Salman Rushdie rightfully took umbrage at Germaine Greer’s condescending article in The Guardian from 2006 about the protests surrounding the making of Sarah Gavron’s Brick Lane, which is adapted from the Monica Ali novel of the same name. But now that the cat is out of the bag, revealing itself as a nauseating portrayal of immigrant dreams, it practically validates Greer’s presumptuous assertions about authorship and representation.
Gavron, whose outsider relationship to the titular East London curry strip couldn’t be any more obvious, and co-screenwriters Laura Jones and Abi Morgan have designed the film with the same book-of-the-month-club demographic that Deepa Mehta’s works appeal to in mind, except that Mehta’s filmic instincts are at least sensual, whereas Gavron’s are just tawdry. Awash in trite stylistic shorthand, Brick Lane begins with a candy-colored vision of life in Bangladesh that practically hurts the eyes, and it’s from this movie-trailer sphere of incessantly whooshing fade outs that a young girl departs for a less blissful life in London.
Twenty years older, Nazneen (Tannishtha Chatterjee) is seen enduring a succession of embarrassments at the hand of a husband, Chanu (Satish Kaushik), whose ogre-ish body predictably fits his personality. But whether Chanu is fucking her without looking her in the eyes or snoring profusely, Nazneen at least has her memories of her youth in Bangladesh, where the only thing she and her sister apparently did was run through grassland.

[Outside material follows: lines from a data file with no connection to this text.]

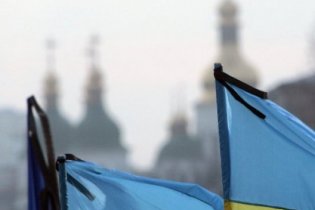 Прокуратура отказала Львову вывешивать на День победы траурные флаги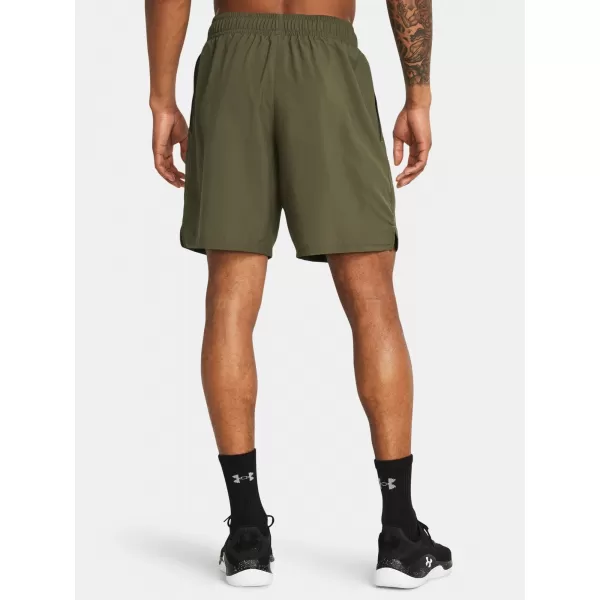  Pantaloni scurți pentru bărbați UNDER ARMOUR UA WOVEN WDMK SHORTS 1383356-390 VERDE 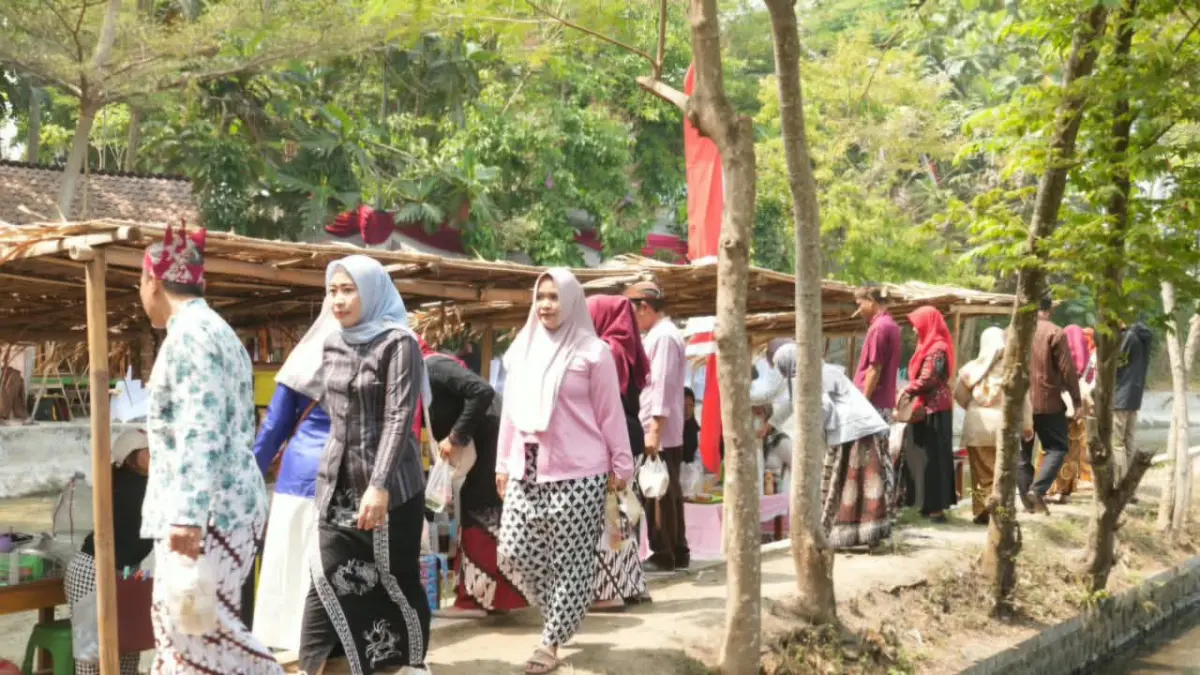 Melihat wisata buatan pasar Apung Kali Karplos Kota Blitar.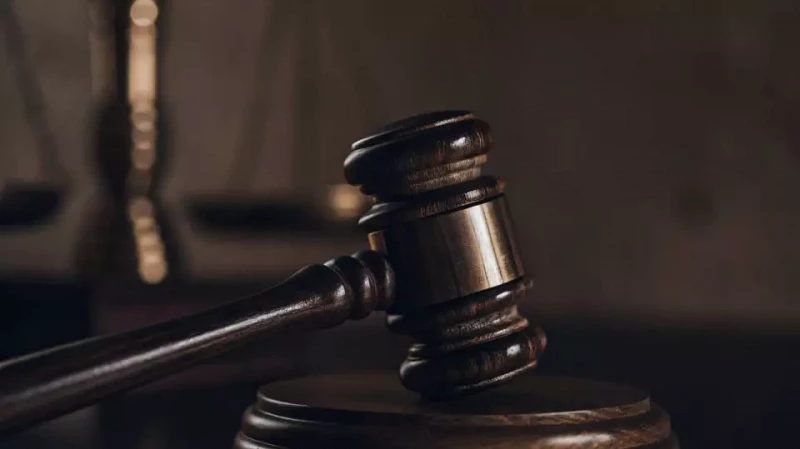 В Екатеринбурге осуждены трое египтян, похитивших деньги у спящей девушки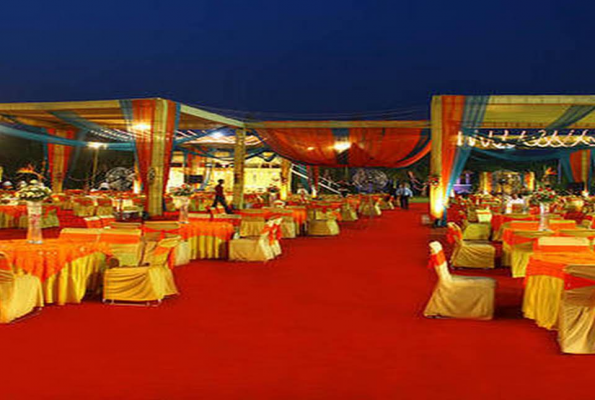 Kanak Banquet And Party Lawns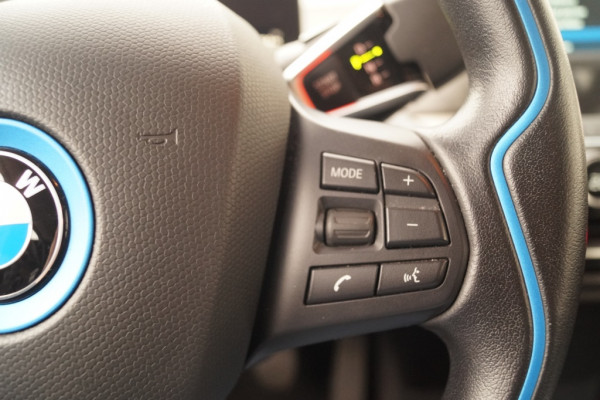 BMW i3 Basis 120Ah 42kWh -WARMTEPOMP-NAVI-ECC-PDC-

If it weren’t painful enough that the film entirely trades in caricature (Chanu speaks only in fortune-cookie aphorisms, never admits to being wrong, and feels emasculated when Nazneen, the wilting flower, takes a sewing job to help the family make ends meet), its queasily romanticized style misrepresents the sad and sometimes perilous lives of its subjects. Chanu is surprisingly redeemed by film’s end, but even when 9/11 is invoked, Brick Lane doesn’t so much suggest a melodrama of the heart and spirit as it does an explosion at a fabric store.